Marcela Sapone is the co-founder of Hello Alfred, an on-demand personal concierge service (the Alfred is in honor of Batman’s ever-dependable confidante). She and her co-founder, Jessica Beck, got the idea for the service as time-strapped Harvard Business School students.
One thing I wish I had known when I began my career is that it isn’t a marathon you try to finish as quickly as possible. It’s a series of sprints. Frame each experience in your career as a sprint, where you’re focused on getting the most out of that time and place.
The books that have had the biggest impact on me are Robert Pirsig’s Zen and the Art of Motorcycle Maintenance and its follow-up, Lila, which are about one person’s attempt to understand what quality looks like.
I had the idea to launch Hello Alfred when my co-founder and I were students at Harvard Business School and realized that the only way we could make the most of our time was to find someone we trusted who could take care of tasks that were not an efficient use of our time. That started with asking for help and creating a system that eventually allowed others to ask for it themselves.
A major challenge I’ve faced was digging in on decisions to do the right thing, especially when they made things harder or go slower. When we decided to have a W-2 workforce instead of freelance contractors, it meant we had to say no to 100,000 customers. But we saw that growing slowly was the only way to scale sustainably—that sometimes you have to go slow to go fast.
The woman who changed my life is Marta Beltran Beckford , my grandmother, who emigrated to the U.S. from Buenos Aires in 1969. She lives with amor fati —the ability to love the things that happen in life beyond our control.
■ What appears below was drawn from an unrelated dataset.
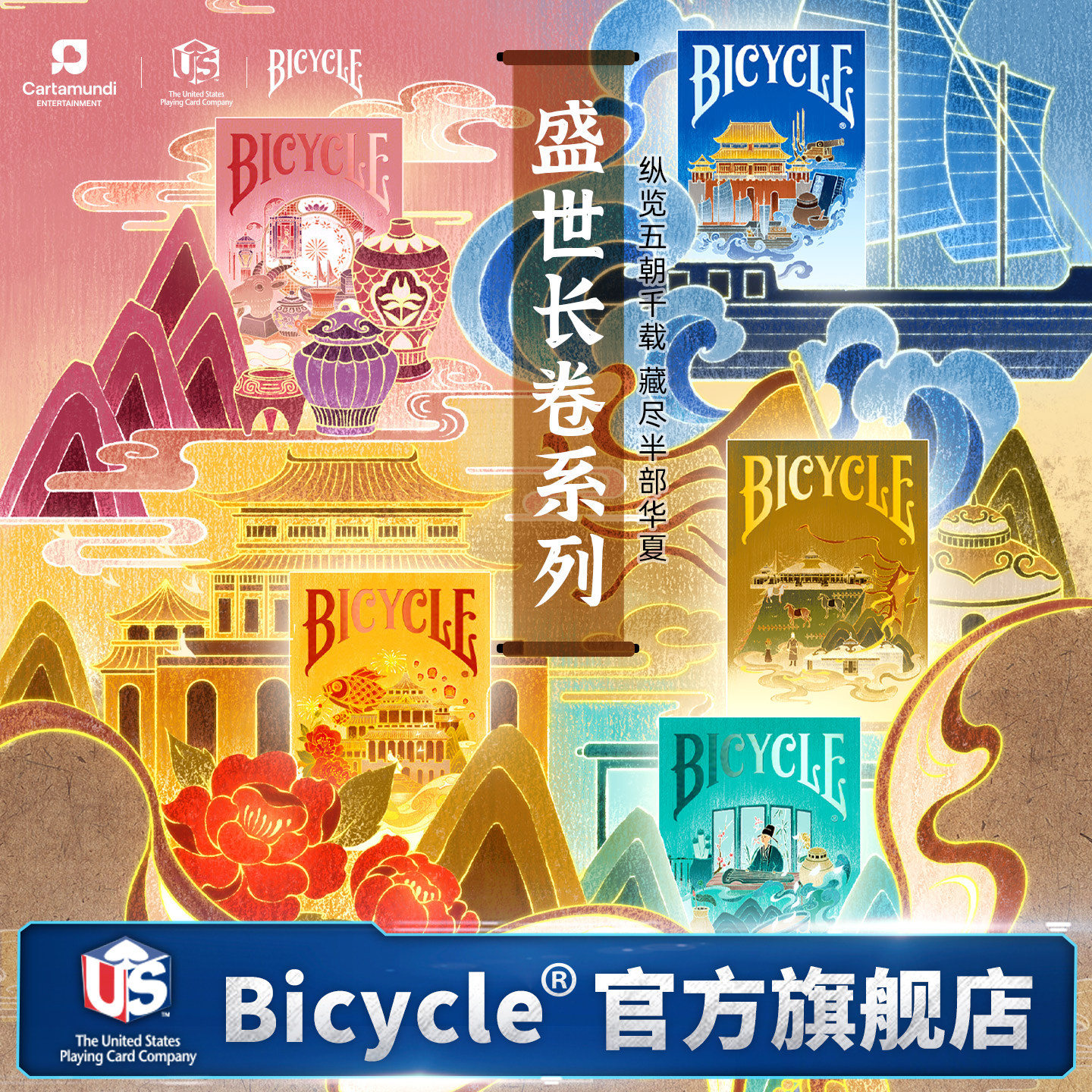 Bicycle单车唐宋元明清扑克牌历史限量收藏盛世长卷系列文创送礼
Although she’s acutely aware of things that are not ideal, she doesn’t let the pain that comes with living be the melody she dances to.
I tap into creativity and inspiration by taking time to recover from intense sprints of work and get excited about the next thing I’m going to do.
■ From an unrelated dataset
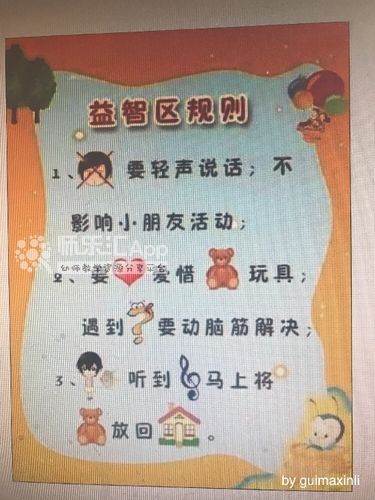 益智区规则娃娃家"医院"规则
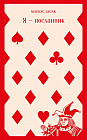 Я — посланник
An example of forward-thinking that I’ve used in my work is to think in terms of outcomes instead of tasks and to-dos. Ticking off tasks on our to-do lists might make us feel productive, but to truly be productive we first need to clearly visualize the outcomes we want and design everything we do around achieving them.
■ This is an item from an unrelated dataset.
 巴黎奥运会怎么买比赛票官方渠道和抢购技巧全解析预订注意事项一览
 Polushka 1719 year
My management style is ruthlessly compassionate.
The most important feature of a business pitch is showing confidence and conviction—confidence from having done the work and conviction from having worked through the self-doubt.
The one thing I would like to say to every woman in the world is to compete with—not against—other women. We should set the bar high for one another, but competition doesn’t mean only one of us can get over it at a time.